I attended SMSR’s virtual meeting to learn about the exciting new research projects that this charity has funded.  I was particularly excited to learn that two of these projects are focused on trying to understand, predict and treat chronic neuropathic pain after a spinal cord injury.

Electroencephalograph predictors of central neuropathic pain in subacute spinal cord injury

The first research project, led by the University of Glasgow, will monitor brain activity (using EEG) of 60 SCI patients over the course of 2 years to identify those at risk of developing CNP so that they can receive preventative treatment.

The data obtained from the participants of this study will be analysed to create a ‘machine learning algorithm’ that can be applied to other SCI patients in the future, to ensure that correct treatment can be started early to prevent neuropathic pain from developing.

This project is jointly funded by SMSR and Spinal Research.

Cingulotomy for neuropathic pain following spinal cord injury

This study, led by Mr Erlick Pereira, Consultant Neurosurgeon at St George’s University Hospital in London, will look at the effectiveness of a surgical procedure called ‘cingulotomy’ which is aimed at treating central neuropathic pain.

Essentially, this surgical procedure, usually performed under local anaesthetic, involves inserting small radiofrequency thermocoagulation electrodes into one’s brain in order to make lesions in the specific area responsible for pain sensation thereby de-activating it.

Whilst this type of procedure is not new and has been successfully used to treat depression as well as pain, it is hoped that this study will confirm its effectiveness in treatment of neuropathic pain following SCI.

This study will run for a period of 3 years (January 2021 to December 2023) and will involve 12 patients with complete or incomplete SCI who have suffered from neuropathic pain for more than 12 months.  A variety of tests will be performed throughout the duration of the research (including cognitive tests, brain imaging, assessment of pain etc) to analyse a patients’ response to this treatment and its efficacy.

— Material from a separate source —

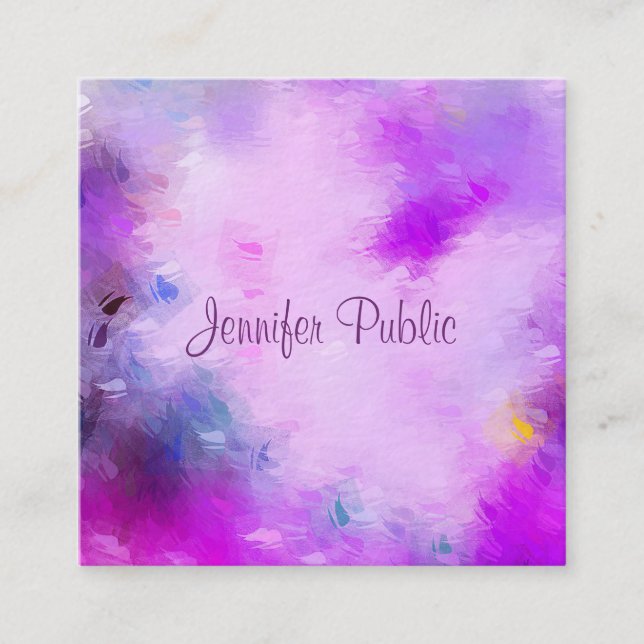 Moderne elegante Vorlage für kalligraphische Skrip Quadratische Visitenkarte (Vorderseite)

I am hugely passionate about making sure that my clients with SCI can improve the quality of their lives using the compensation that I have secured for them.  Ensuring that my clients have sufficient means to access the most optimal pain management options available now but also in the future is a very important part of my role.  I am therefore very excited about these two research projects which I hope will help improve the quality of lives of those with spinal cord injuries.